Desde el momento en que un joven jugador latinoamericano sale de su pueblo recién firmado para el béisbol profesional, el camino que espera trazarse es el de algún día ser un jugador regular en las Grandes Ligas. La esperanza de convertirse en héroe de su comunidad y símbolo nacional, son cosas muy vigentes en las mentes de los jugadores que quieren lograr esos sueños. Han crecido rodeados de las noticias y las celebraciones a los grandes hechos de un Johan Santana, Vladimir Guerrero, Francisco Rodríguez, Pedro Martínez, Edgar Rentería, Alex Rodríguez, y muchos, muchos más. Esa oportunidad, lamentablemente, no se les presenta a todos los jugadores en esa posición. Pero cuando ésta llega, es algo que deleita, causa ansiedad, alegría y grandes expectativas. El momento añorado ha llegado para el dinámico torpedero dominicano Erick Aybar.
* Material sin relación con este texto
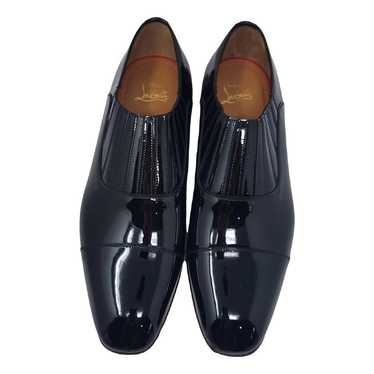Christian Louboutin Patent leather flats - image 1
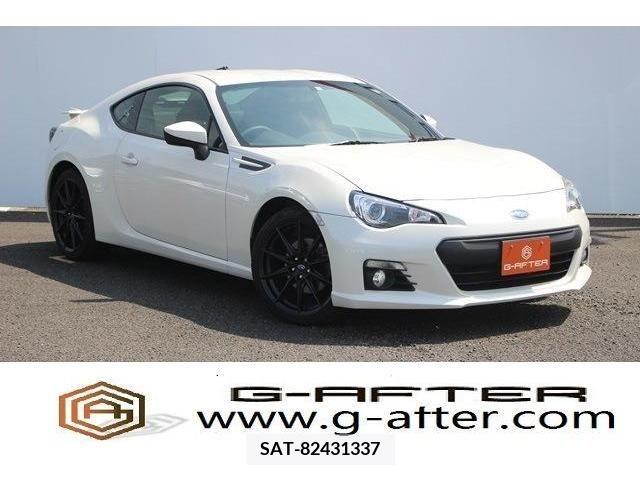 Subaru BRZ 2014-04 351746-0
Con el cambio que envió al ganador del "Guante de Oro" Orlando Cabrera a los White Sox de Chicago, se abren las puertas para Aybar, un sólido jugador joven que tiene vasta experiencia en el béisbol del Caribe. Tan agradable ha sido su experiencia en el béisbol de República Dominicana, que su equipo, los Tigres del Licey se acaban de coronar como campeones en la Serie del Caribe 2008. "Definitivamente me siento preparado para esta oportunidad con los Angels, y una cosa que me ayuda en mi llegada a los entrenamientos es que ya he estado en las Grandes Ligas. Es muy diferente cuando uno no conoce el cuerpo de coaches y las intenciones y estilo de un dirigente; pero gracias a Dios ellos todos me conocen y me han ayudado a mejorar". El dominicano nativo de Bani, cumplió 24 años el pasado Enero y tiene experiencia de 113 partidos en el equipo grande en los últimos dos años. La campaña pasada estaba supuesta a jugar un papel significante de la banca, pero sufrió dos lesiones serias que lo limitaron a 194 turnos oficiales. Las credenciales de Aybar comenzaron a fomentarse desde que pisó tierra estadounidense en el año 2002, bateando sobre los .300 puntos en cada una de sus primeras cuatro temporadas en la finca, siendo su promedio más bajo de .283.

El manager Mike Scioscia lo considera un jugador completo y Scioscia dice que Aybar está listo para el reto. "Erick es un jugador que tiene muchas herramientas, trae mucha energía al equipo y juega el juego pequeño con facilidad. Esperamos mucho de él, porque además de su gran brazo y excelente alcance en el shortstop, posee gran velocidad y sabe robar bases. Nos alegra mucho también saber que él y Howie Kendrick (segunda base) han jugado juntos y hacen muy buena combinación. Nuestro equipo depende mucho del cuerpo de lanzadores y hacer las jugadas de rutina y completar los doble-plays es vital". Scioscia agregó que "como jugador joven, lo que él tiene que hacer es no tratar de hacer nada fuera de lo normál para impresionar". Scioscia admite que él mismo tendrá palabras en privado con Aybar para explicar bien la situación, ya que anticipa una buena competencia de parte del sólido y establecido venezolano Maicer Izturis.

Del área de Baní, al sur de la isla en Republica Dominicana, han surgido sobresalientes campocortos, como el fenecido José Uribe (Gigantes), el veloz Cristian Guzmán (Nacionales), Juan Uribe (White Sox) y el otrora MVP en la Americana Miguel Tejada (Astros). El próximo pudiera establecer y dar a conocer su nombre y el nombre de los Angels más y más en esa fértil área de la isla quisqueyana.